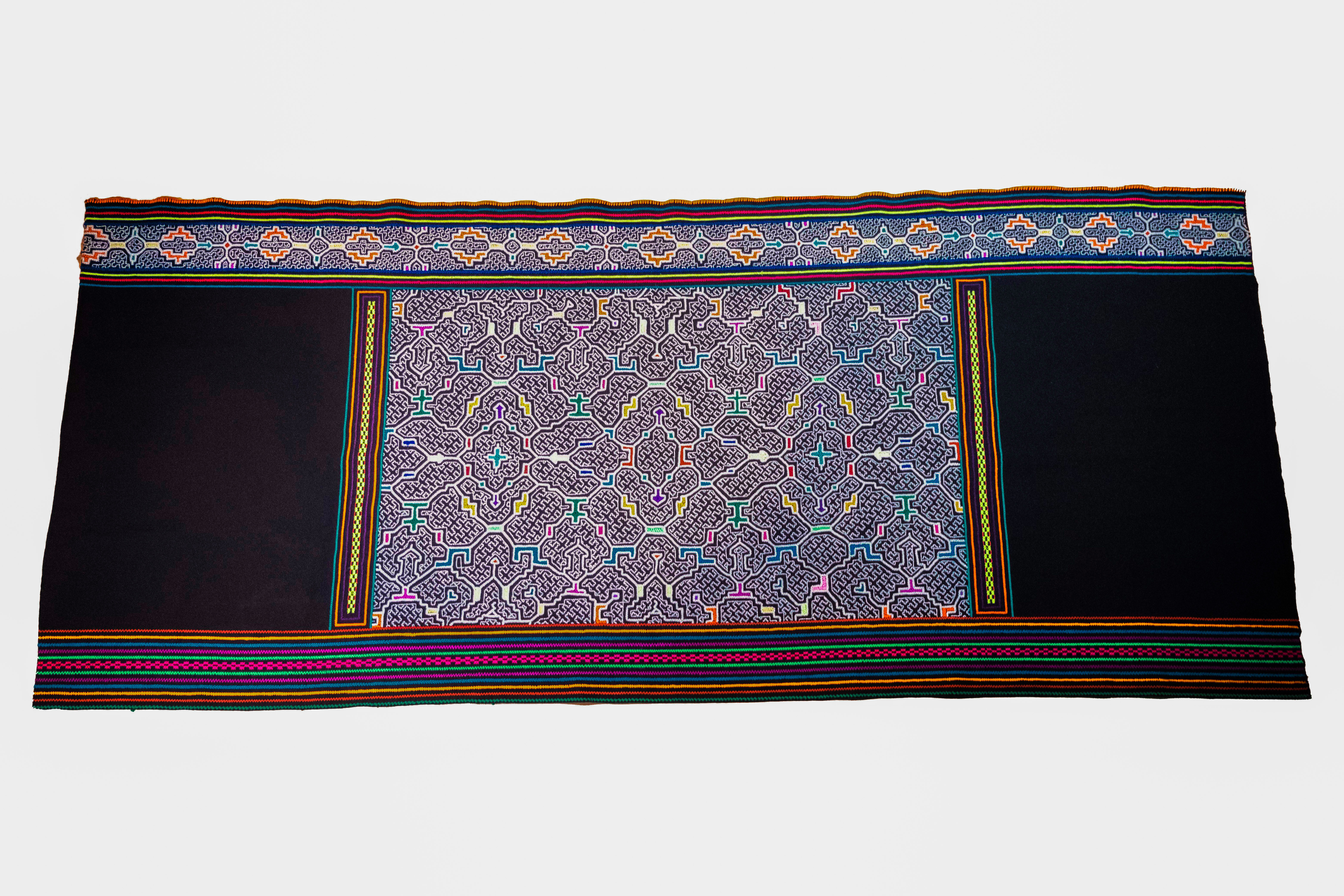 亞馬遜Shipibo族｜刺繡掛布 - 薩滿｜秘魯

····················

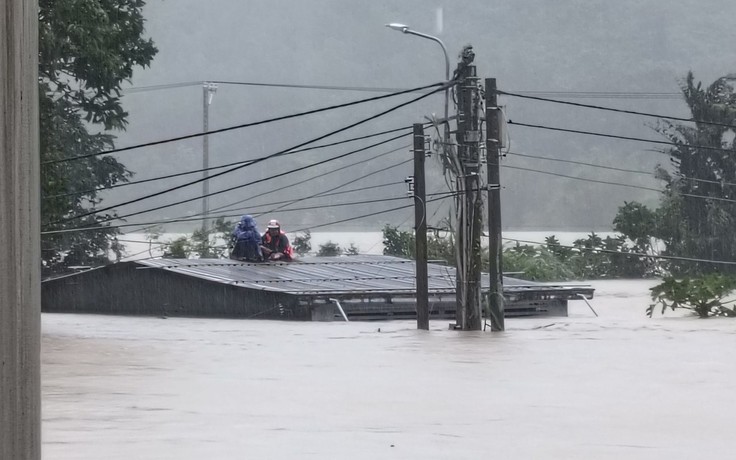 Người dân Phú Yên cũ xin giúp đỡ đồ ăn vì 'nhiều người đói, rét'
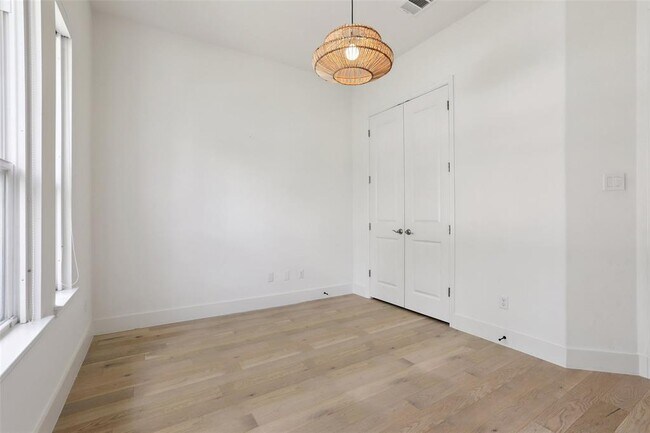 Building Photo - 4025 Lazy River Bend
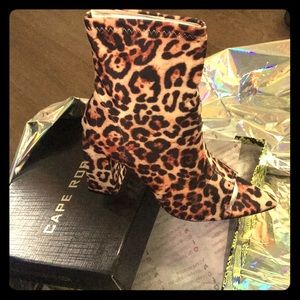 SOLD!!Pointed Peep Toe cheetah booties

····················

Although the records hold pictures, the copy must not; give again exactly the lines from the one with "Building Photo - 4025 Lazy River Bend" through the one with "SOLD!!Pointed Peep Toe cheetah booties".

▶ RESPONSE BOX:
 Building Photo - 4025 Lazy River Bend
 SOLD!!Pointed Peep Toe cheetah booties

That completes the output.